Today we had a full day of finance and accounting. The weather outside was excellent but apart from a 10 minutes’ walk to the park, I did not see much of it.
The main message of the professor was that it is all about cash. The tendency to focus too much on profit without looking for cash is understandable, but cannot be a basis for decision-making. What you need to look at is discounted future cash flows. Discounted because you want to calculate the net present value of current investment decisions and future cash flows. Future, because the value of a decision depends on what it can bring in the future. I believe Sloterdijk has called this futurism.
But at the end, the professor had to confirm a lot of things is to be decided, and therefore arbitrary. You need to calculate the time value of future cash flows and you need to decide on a cost of capital. You can choose the cost of capital. The professor regrets that many companies do not publish the cost of capital that companies use to decide on their capital expenditure. I should have send him the link to my recent blog on hrchitects.net on the emotional side of business.
What I liked is that he regrets that if we need to focus on value (future cash flows being the best estimate of value) we need to think long term, whilst when performance of companies is evaluated, we look at short term. Indeed that’s true and t hat’s also common sense. And it’s the lack of common sense that has created some corporate collapses (like Enron) and a severe financial crisis.

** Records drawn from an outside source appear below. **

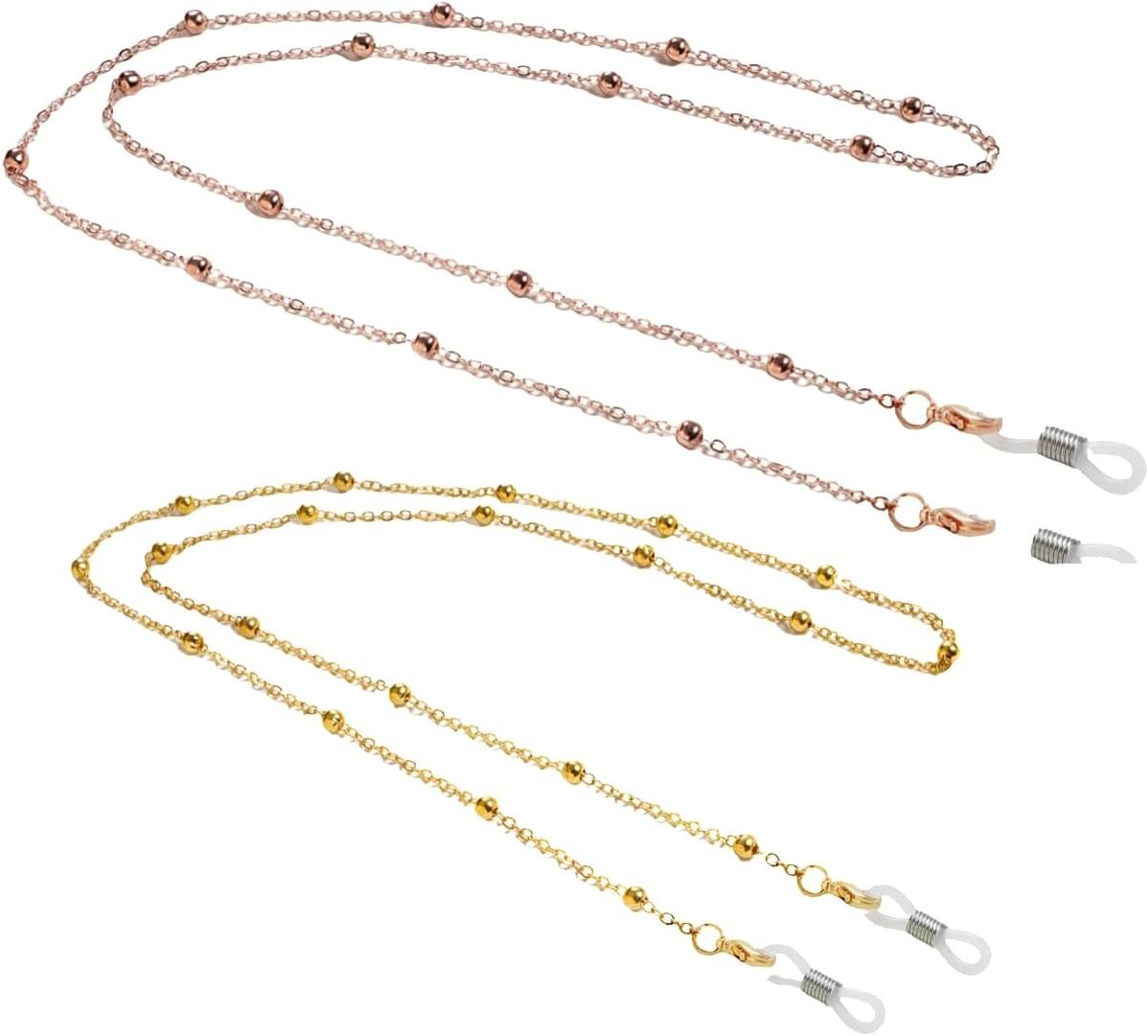 Eyeglass Chains for Women, Premium Beaded Eyeglass Necklace Chain Cord, Eye Glasses String Holder Set of 2 image number 1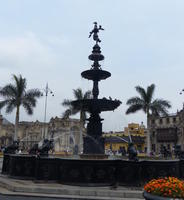 Fountain with winged female figure atop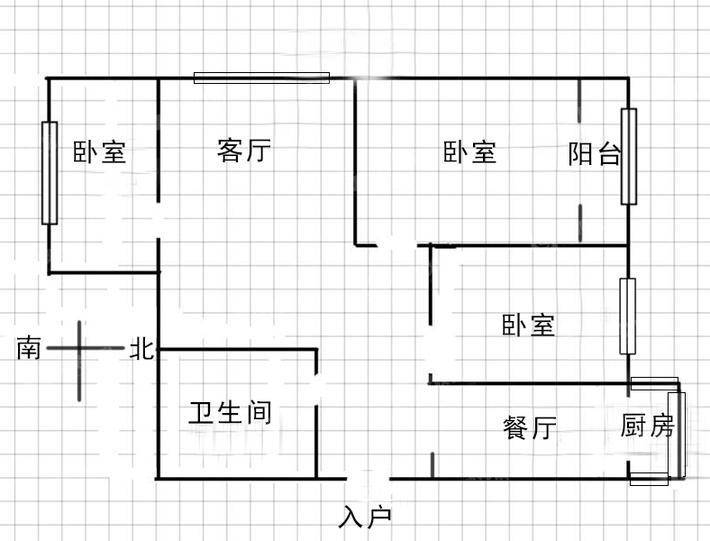 会龙山小区3室1厅1卫85㎡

I was talking to a British colleague and we agreed that it shoud be better to choose an investment that might have a lower net present value but that might fit better to other aspects like purpose, ethics, … Maximizing the shareholder value seems to be too reductionist for a complex entity like a company.
The good thing was to have a refresh of the fundamental ideas of finance and accounting. And this was brought in a brilliant manner.
I am also happy there is skype. It helps keeping in touch with the home base.